WORKING DATA –

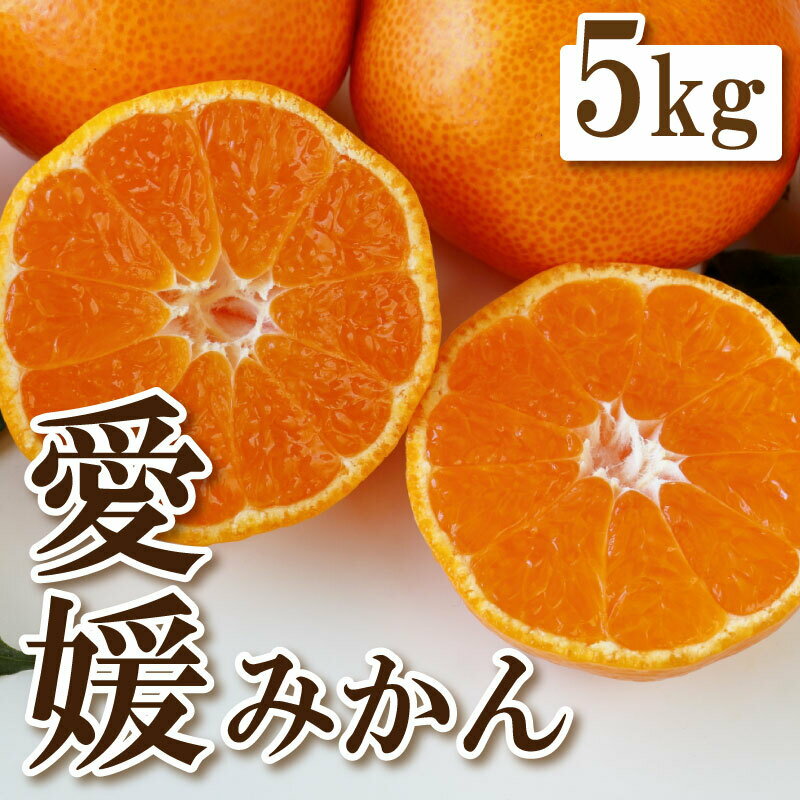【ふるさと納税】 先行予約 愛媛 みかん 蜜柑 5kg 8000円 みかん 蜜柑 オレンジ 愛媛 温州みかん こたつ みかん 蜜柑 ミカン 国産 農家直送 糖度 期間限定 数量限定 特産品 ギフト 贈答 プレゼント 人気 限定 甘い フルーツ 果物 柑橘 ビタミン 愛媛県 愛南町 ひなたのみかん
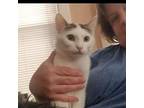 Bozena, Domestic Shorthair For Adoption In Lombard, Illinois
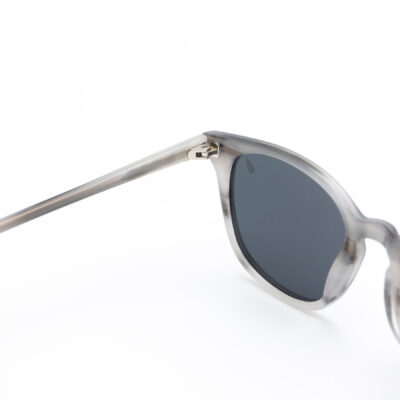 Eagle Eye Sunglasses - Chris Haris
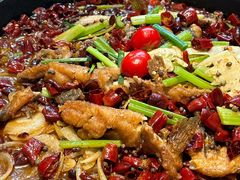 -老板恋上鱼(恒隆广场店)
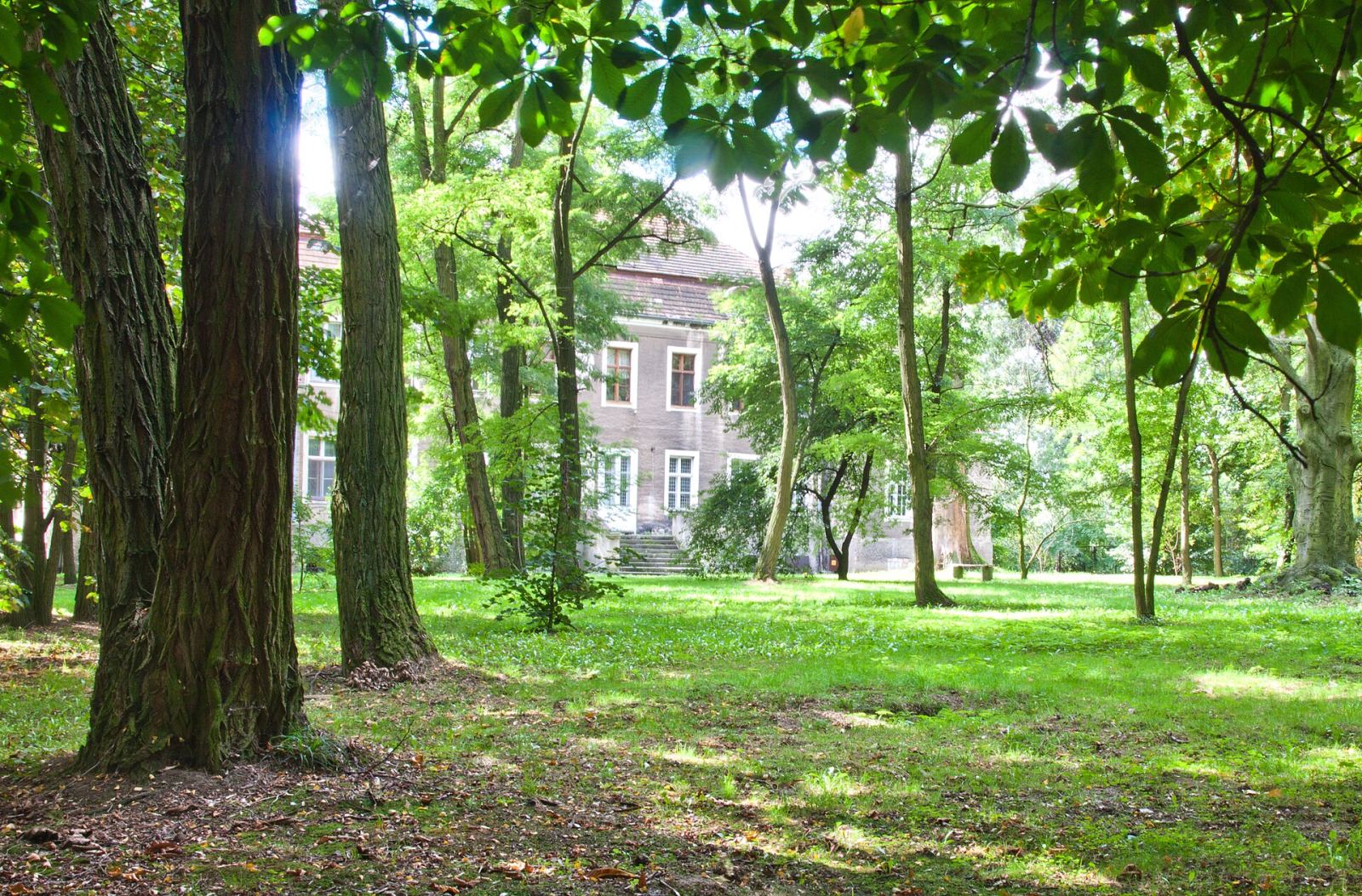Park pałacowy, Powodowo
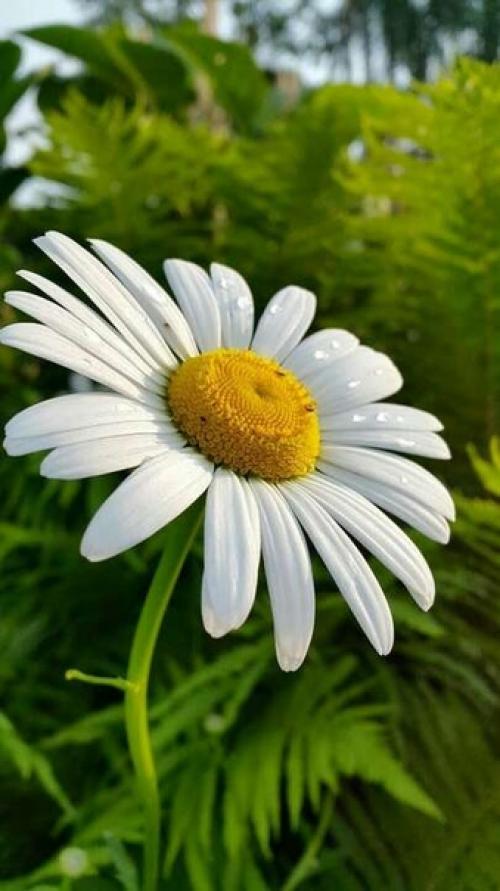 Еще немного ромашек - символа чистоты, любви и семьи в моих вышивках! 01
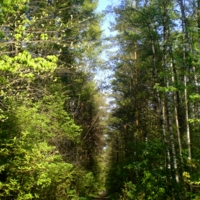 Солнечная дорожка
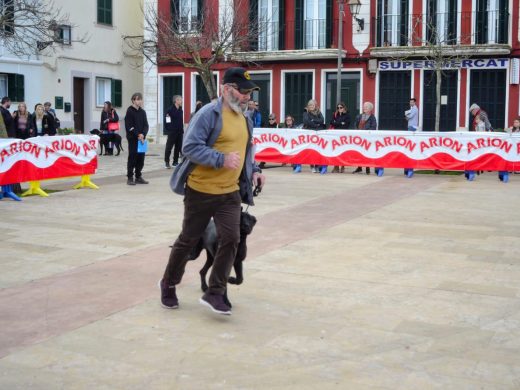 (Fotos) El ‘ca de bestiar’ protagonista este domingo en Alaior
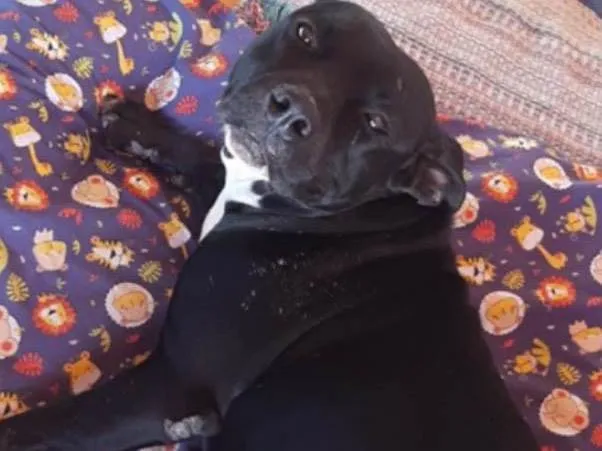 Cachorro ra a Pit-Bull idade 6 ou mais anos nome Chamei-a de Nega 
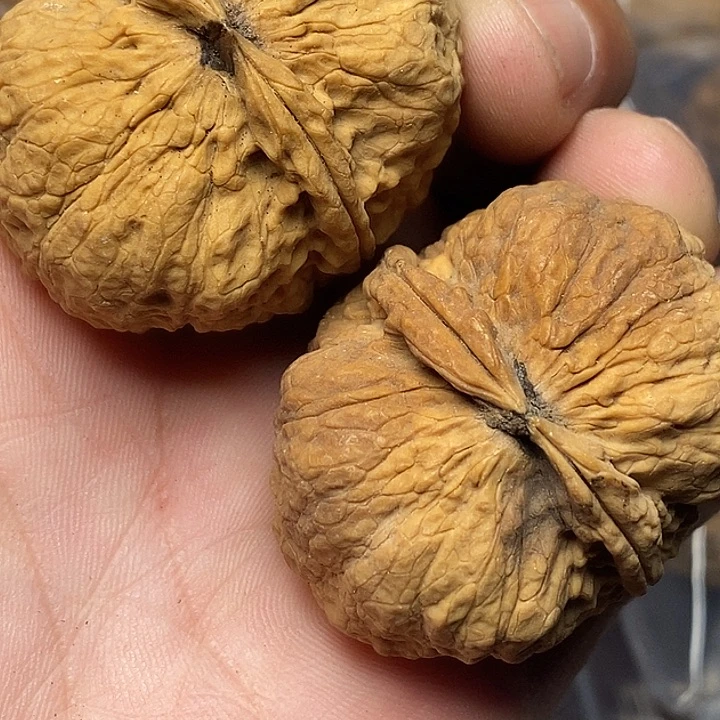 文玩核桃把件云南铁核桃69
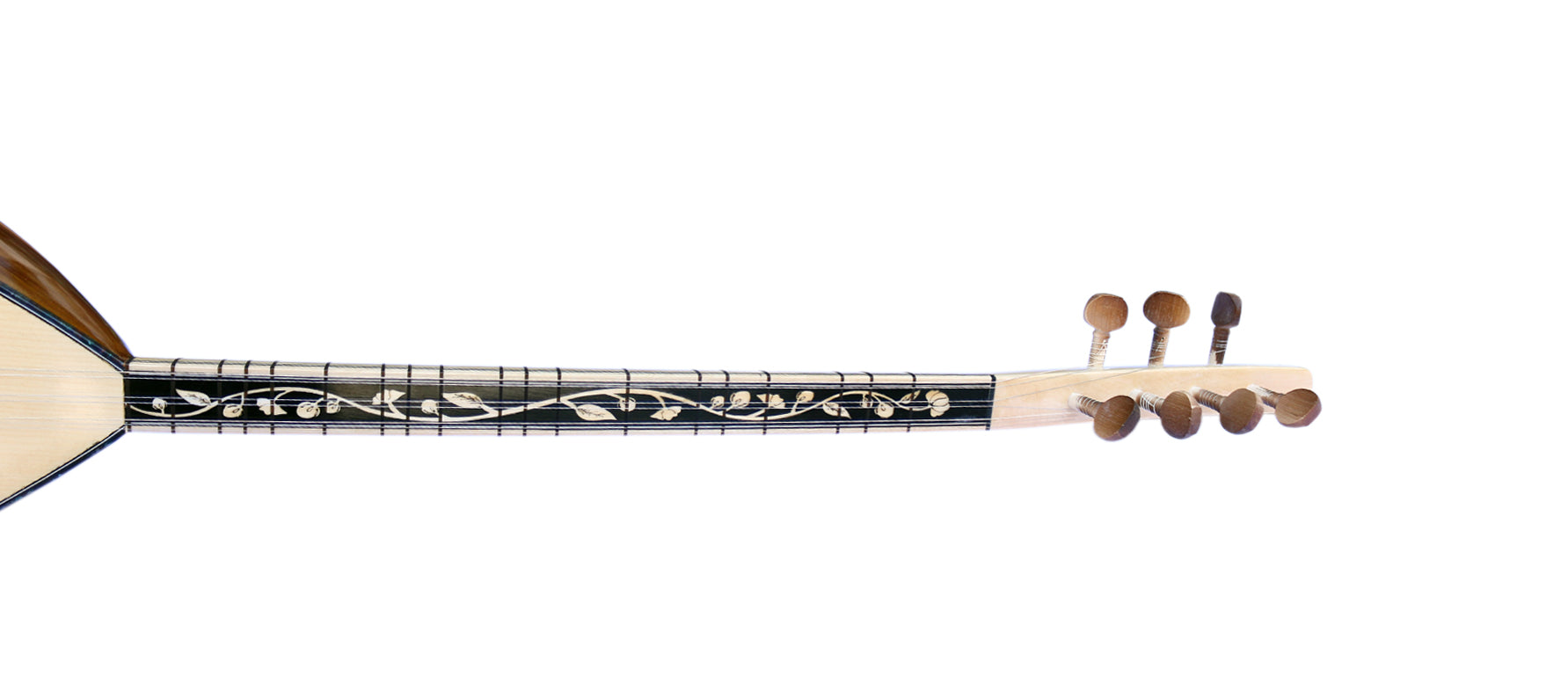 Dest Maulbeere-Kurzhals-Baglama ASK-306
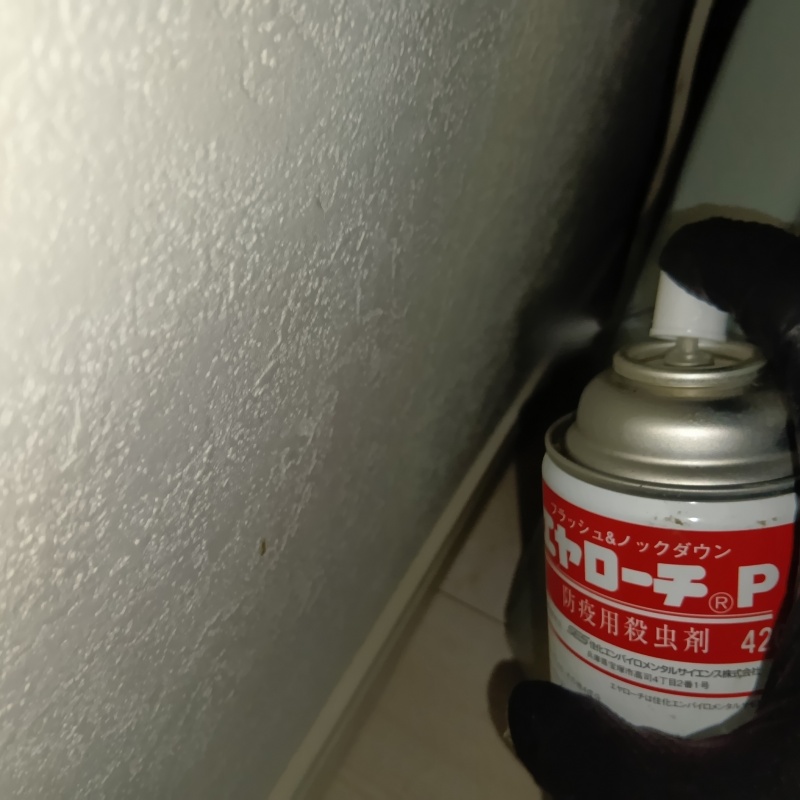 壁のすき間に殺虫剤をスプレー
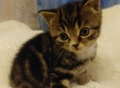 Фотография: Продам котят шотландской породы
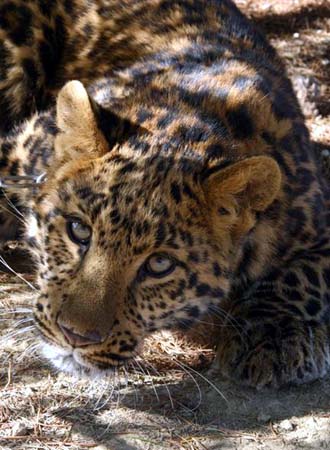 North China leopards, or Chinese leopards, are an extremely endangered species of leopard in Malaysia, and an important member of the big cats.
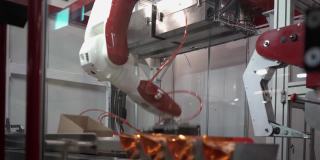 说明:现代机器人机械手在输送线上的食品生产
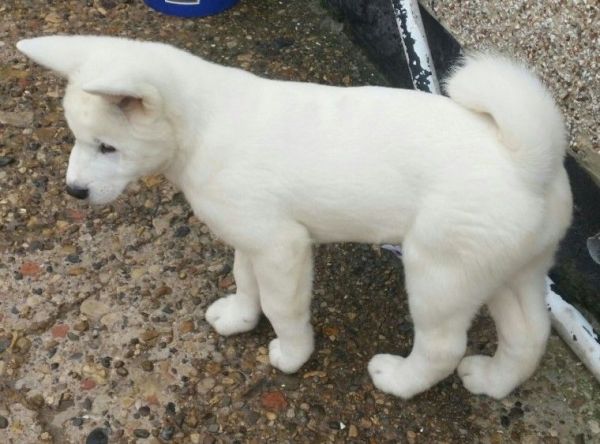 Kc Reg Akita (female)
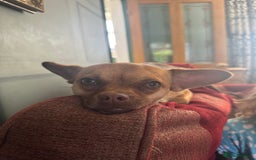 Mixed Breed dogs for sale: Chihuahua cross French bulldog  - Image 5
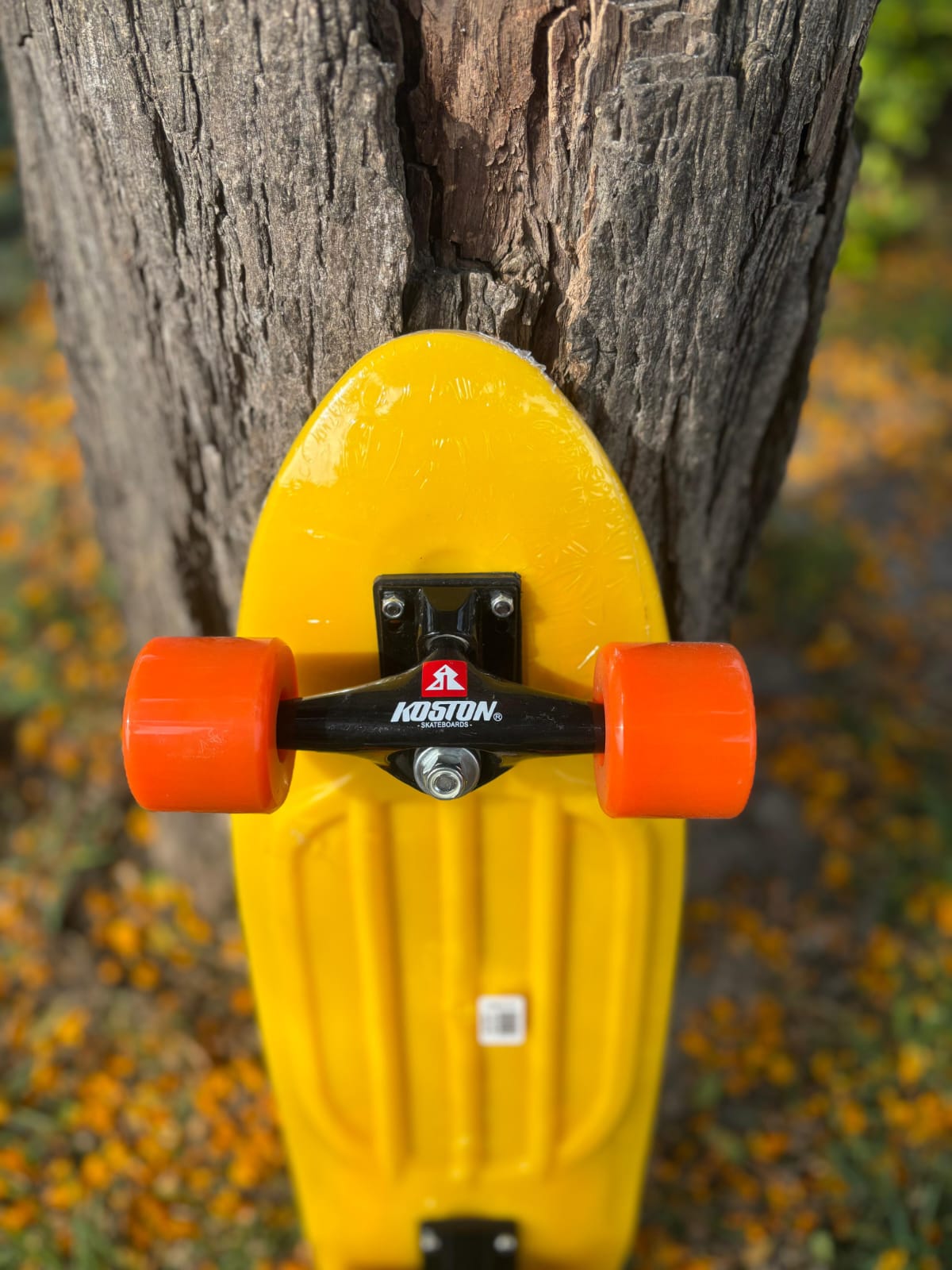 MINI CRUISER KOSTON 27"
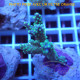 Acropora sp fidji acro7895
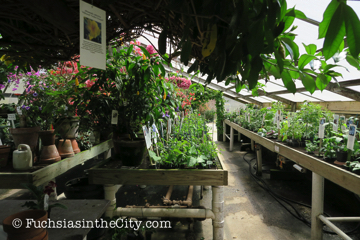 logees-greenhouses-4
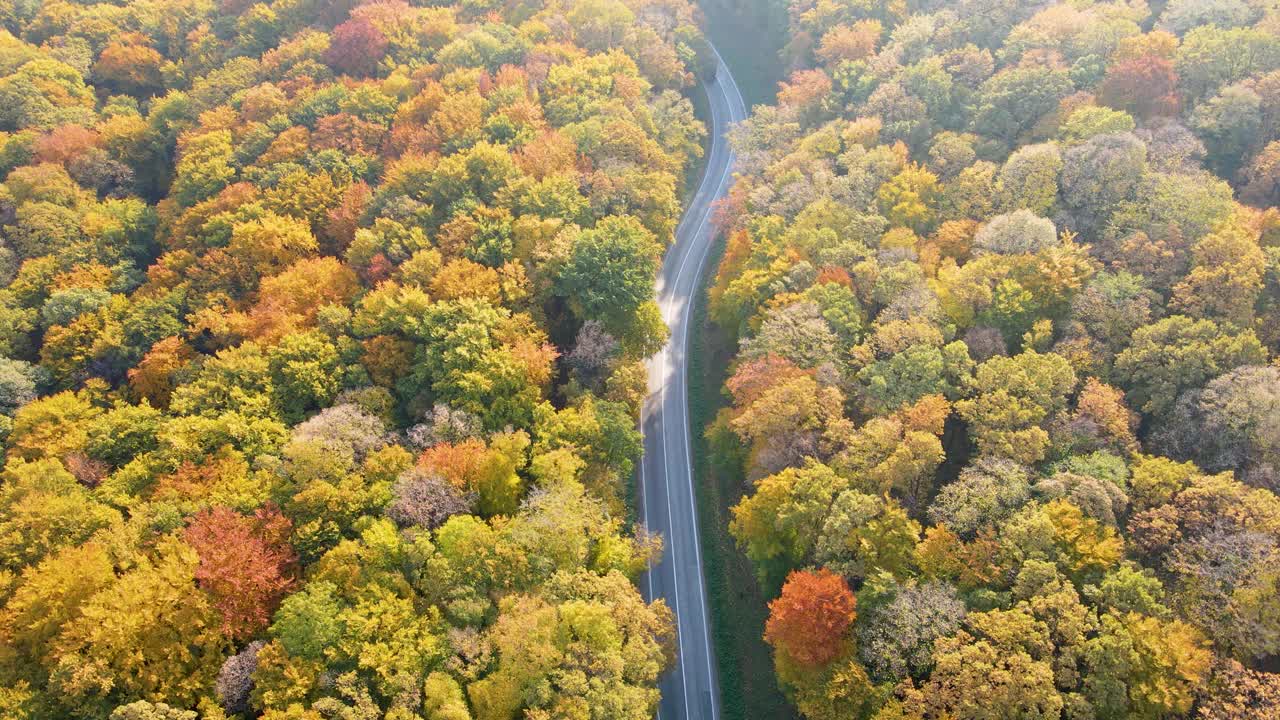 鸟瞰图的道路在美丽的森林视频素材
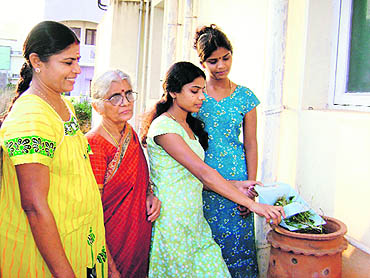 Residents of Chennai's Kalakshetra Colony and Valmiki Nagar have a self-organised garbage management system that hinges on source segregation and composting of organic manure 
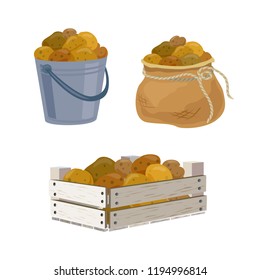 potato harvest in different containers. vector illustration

TASK DIRECTIONS – From the line that contains "logees-greenhouses-4" to the last line of the data, print each line exactly, both ends included, and omit the pictures.

EXERCISE ANSWER –
 logees-greenhouses-4
 鸟瞰图的道路在美丽的森林视频素材
 Residents of Chennai's Kalakshetra Colony and Valmiki Nagar have a self-organised garbage management system that hinges on source segregation and composting of organic manure 
 potato harvest in different containers. vector illustration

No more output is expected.